Highlights & Insights¶
- The dual-graph reward shaping design is highly pragmatic: QAS leverages item attribute graphs to address the problem of "exact matching being overly strict," while PAS uses collaborative filtering embeddings to capture implicit preferences. Together, they enrich the reward signal from both explicit constraint and implicit preference dimensions, and are transferable to other RFT tasks requiring fine-grained rewards.
- The paragraph-level penalization mechanism in RAAE provides a lightweight alternative to process supervision: it requires no dedicated reward model training, and achieves differentiated reward assignment simply by checking whether reasoning paragraphs contain incorrectly recommended items—simple yet effective.
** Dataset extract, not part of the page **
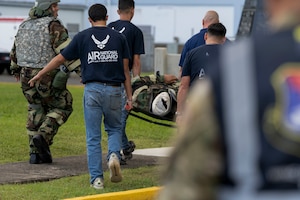 U.S. Airmen assigned to the 156th Civil Engineer Squadron, Puerto Rico Air National Guard, carry a simulated casualty during the Prime BEEF day exercise at Muñiz Air National Guard Base, Carolina, Puerto Rico, June 8, 2025. The exercise tested the 156th CES operational readiness and response to several structural incidents due to a simulated enemy aerial attack. (U.S. Air National Guard photo by Senior Airman Victoria A. Jewett)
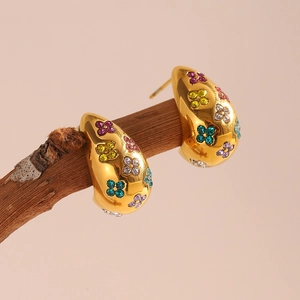 Detailed view of 18K gold plated floral earrings with colorful crystals on a branch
- The online curriculum scheduler cleverly reuses existing rollout data from RFT to estimate query difficulty, incurring zero additional inference cost.
Limitations & Future Work¶
- Only single-turn conversational recommendation is supported; multi-turn dialogue with contextual accumulation and dynamic preference updates is not considered.
- The candidate set is formulated as a multiple-choice setting with 1 positive and 19 negatives, which differs substantially from open-ended recommendation scenarios.
- Paragraph decomposition in RAAE relies on simple paragraph segmentation, which may be inaccurate for unstructured or mixed-reasoning outputs.
- The backbone model is limited to 3B parameters; performance on larger models remains unverified.
- The weights \(w_1, w_2\) for QAS and PAS require hyperparameter tuning, and sensitivity analysis is not sufficiently discussed in the paper.
Related Work & Insights¶
- vs. GRPO/REINFORCE++: These general-purpose RFT methods use exact matching as reward, resulting in sparse reward signals for recommendation tasks. ReRec provides richer learning signals via dual-graph reward shaping, with particularly pronounced advantages on Hard queries.
- vs. TallRec/InteRecAgent: These LLM-based recommendation systems rely on SFT or tool invocation and can handle simple queries but lack deep reasoning capability. ReRec elicits reasoning ability through RFT, achieving substantial improvements on complex queries.
- vs. Process Reward Models: Conventional process reward models require additional training or calls to large models to score reasoning steps, incurring high cost and limited scalability. RAAE achieves lightweight step-level supervision through simple item-matching rules.
Rating¶
- Novelty: ⭐⭐⭐⭐ Systematically adapts RFT to recommendation tasks with three targeted module designs.
- Experimental Thoroughness: ⭐⭐⭐⭐ Covers cross-domain, cross-task, personalization, and capability preservation dimensions.
- Writing Quality: ⭐⭐⭐⭐ Problem motivation is clear, method description is complete, and mathematical derivations are rigorous.
- Value: ⭐⭐⭐⭐ Serves as a practical guide for applying RFT to recommendation systems; dual-graph reward shaping and RAAE are reusable components.